直木賞作家・大島真寿美「超天才の少女マンガ家たちが綺羅星のごとく現れた、特別な時代」かつて“100万少女”が夢中になった「少女マンガ雑誌」。編集部を舞台にした小説を今書いた理由《インタビュー》
公開日:2025/10/25
「少女マンガ編集部」で、マンガ家の担当になれなかった女性たち

――物語の始まりは、高校を卒業して経理補助として勤めはじめたばかりの牧子という女性の視点で描かれていくので、彼女が主人公なのかと思いきや、次々と語り手が変わっていくので驚きました。
大島 カラオケでマイクを奪い合うみたいな感じになっちゃったんですよね。誰かひとりの視点で書いていると「私にも、俺にも、語らせろ!」とばかりに、別の誰かが出張ってくる。みんなが聞いてほしがっている声を、求められるままに次々と私は書いていったというイメージです。その勢いについていくのが大変だった(笑)。牧子を主軸にすれば、いろんな立場の人をつなげられるなと思ってはいたけど、想像以上に大勢が登場してしまいましたね。
――雑誌づくりに手一杯の編集部では経理業務が疎かになりがちだから、いつしか経理部から常駐の事務員が派遣されるようになった。それが牧子です。そんなポジションがあったのか、とまずそこに驚きました。
大島 取材をはじめて早々に、経理補助という立場の人がいた、ということはわかったんですけど、編集者のみなさんに詳しく聞こうと思っても「そういえば、いたね」くらいの感覚なんですよ。
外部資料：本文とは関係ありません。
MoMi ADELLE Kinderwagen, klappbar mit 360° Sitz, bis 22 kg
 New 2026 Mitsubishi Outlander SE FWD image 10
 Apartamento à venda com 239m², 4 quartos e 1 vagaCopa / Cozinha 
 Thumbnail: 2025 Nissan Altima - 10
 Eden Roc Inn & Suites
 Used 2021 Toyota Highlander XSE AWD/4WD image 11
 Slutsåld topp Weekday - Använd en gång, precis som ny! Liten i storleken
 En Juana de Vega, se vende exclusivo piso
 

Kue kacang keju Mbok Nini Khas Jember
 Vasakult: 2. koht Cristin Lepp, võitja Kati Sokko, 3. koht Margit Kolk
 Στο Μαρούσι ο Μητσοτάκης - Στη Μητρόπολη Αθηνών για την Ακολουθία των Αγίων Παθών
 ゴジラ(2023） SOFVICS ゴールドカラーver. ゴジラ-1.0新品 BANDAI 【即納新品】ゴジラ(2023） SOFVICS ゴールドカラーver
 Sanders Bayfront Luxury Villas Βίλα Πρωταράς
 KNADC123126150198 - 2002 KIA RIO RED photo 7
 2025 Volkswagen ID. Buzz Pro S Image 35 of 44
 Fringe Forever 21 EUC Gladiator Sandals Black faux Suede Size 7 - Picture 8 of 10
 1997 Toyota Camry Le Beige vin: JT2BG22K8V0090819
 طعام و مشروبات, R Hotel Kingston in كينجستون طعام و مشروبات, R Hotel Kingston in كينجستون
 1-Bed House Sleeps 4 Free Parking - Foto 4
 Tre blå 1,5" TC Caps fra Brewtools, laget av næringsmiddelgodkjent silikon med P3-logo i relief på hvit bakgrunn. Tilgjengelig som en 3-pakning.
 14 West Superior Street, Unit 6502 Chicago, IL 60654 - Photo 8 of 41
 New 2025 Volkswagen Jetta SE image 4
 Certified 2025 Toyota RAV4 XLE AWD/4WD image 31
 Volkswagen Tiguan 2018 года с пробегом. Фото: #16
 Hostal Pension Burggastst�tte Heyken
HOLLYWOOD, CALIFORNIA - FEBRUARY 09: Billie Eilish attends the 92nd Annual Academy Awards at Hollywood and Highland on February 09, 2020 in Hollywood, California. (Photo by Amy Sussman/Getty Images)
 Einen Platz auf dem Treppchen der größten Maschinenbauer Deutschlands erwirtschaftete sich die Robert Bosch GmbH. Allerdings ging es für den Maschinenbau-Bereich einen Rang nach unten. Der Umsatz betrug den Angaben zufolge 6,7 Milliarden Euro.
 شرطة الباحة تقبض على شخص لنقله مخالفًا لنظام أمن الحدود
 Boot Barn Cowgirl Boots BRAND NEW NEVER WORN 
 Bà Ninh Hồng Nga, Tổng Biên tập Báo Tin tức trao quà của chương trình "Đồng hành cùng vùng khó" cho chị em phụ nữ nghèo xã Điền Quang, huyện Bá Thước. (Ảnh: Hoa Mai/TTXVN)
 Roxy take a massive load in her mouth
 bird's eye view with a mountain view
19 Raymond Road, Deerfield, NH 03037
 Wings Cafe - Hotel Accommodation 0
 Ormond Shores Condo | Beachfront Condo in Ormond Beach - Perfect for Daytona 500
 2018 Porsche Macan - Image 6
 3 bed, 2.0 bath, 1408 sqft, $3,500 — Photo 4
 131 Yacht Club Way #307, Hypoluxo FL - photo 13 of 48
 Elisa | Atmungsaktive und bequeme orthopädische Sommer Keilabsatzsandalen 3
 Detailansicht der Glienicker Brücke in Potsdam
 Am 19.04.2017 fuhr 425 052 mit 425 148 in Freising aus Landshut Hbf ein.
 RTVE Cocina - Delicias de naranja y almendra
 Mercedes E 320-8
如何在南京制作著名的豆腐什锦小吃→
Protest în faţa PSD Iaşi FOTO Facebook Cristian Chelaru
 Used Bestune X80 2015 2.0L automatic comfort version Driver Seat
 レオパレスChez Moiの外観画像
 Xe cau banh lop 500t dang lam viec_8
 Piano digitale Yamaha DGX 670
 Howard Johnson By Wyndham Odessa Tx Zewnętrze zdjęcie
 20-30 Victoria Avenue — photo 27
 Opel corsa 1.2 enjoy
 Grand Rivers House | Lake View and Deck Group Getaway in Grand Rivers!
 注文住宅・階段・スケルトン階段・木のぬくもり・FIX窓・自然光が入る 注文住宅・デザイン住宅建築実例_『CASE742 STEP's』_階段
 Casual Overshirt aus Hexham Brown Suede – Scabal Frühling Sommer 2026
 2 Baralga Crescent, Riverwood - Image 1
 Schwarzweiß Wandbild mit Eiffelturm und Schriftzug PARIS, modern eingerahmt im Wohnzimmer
女性編集者の話を聞いても「ああ、いたね」。同じ場所で働いていたはずの女性たちのことは、あまり見えていなかったんだなあ、と感じました。でも、見えていなくても、編集部のなかに女性は確かに存在していて、戦っていたはずなんですよ。あの時代、ふつうに生きて仕事しようとするだけで戦わざるを得なかったんだよな、と思ったことも、この小説には表れていますね。
――男性も懸命に誠実に生きて仕事に向き合っていたことが、それぞれの視点で描かれていますが、本作を読んでいるとどうしても、機会を平等に与えられないなかで道を切り開いてきた女性たちの生きざまに想いを寄せざるをえませんでした。
大島 意図していたわけではないけれど、当時、女性はマンガ家の担当をさせてもらえなかったことなどを知って、けっこう衝撃を受けたんですよね。男性も頑張っていたし、差別する意識もなかったと思うけど、ごく自然にスルーしていることがたくさんあったのだろうと思ったんです。それでもどうにかして担当を持とうと奮闘したり、「女の子だからってピンクばかり好きなわけじゃない。シックなブルーグレーやモスグリーンを使っておしゃれにしたい」とデザインを変えようとしたり、一歩にも満たない小さな歩みをこつこつ積み重ねながら、可能性を広げていった人たちがいた。その描写は、2014年に書くよりも今の方が響きやすいだろうなと思います。
――少女マンガ誌を軸に出版業界を描いた小説ではありますが、きっとほかの業界でもあっただろう、そして今もなお起きていることだろう、と感じさせるものがありました。
大島 起きているでしょうねえ。取材でお話をうかがった女性編集者も「私はいつも女の人の味方だったわよ」「女の人に意地悪する意味がわからない」とおっしゃっていて、徒党をくんで立ち向かうというのとはまた違う、ちっちゃく手をつないでいるような、うんとかすかな連帯が存在していたことを私は感じました。それだけをものすごく書きたかった、というわけではないけど、いろんな人たちの声が私のなかを通過して、物語のエッセンスとして滲み出るものだから、やっぱり書かざるをえなかったんでしょうね。
――少女マンガが大好きで、担当したくてたまらなかったけれど、チャンスをつかむ前に辞めてしまった美紀と、残り続けてチャンスを得た克子。二人の対比も、とてもよかったです。めちゃくちゃ親しくなるわけでも、連絡をとりあうわけでもないけど、この町のどこかにあの人がいると思うだけで頑張れるような気がする、そんな連帯感は、共感する読者も多いのではないでしょうか。
大島 望んだわけではないけれど、編集部から出ていかざるを得なかった人もたくさんいたということが、取材を進めるうちにわかってきたので、書いておきたかったんですよね。美紀のような人も、星をつくる大切な一つの存在だったということを。そういう、戦後における女性の存在を考えるうえで、少女マンガ編集部というのは示唆に富んだ舞台だったのだなと、ふりかえると思います。偶然うまくいった、というだけなんですけどね。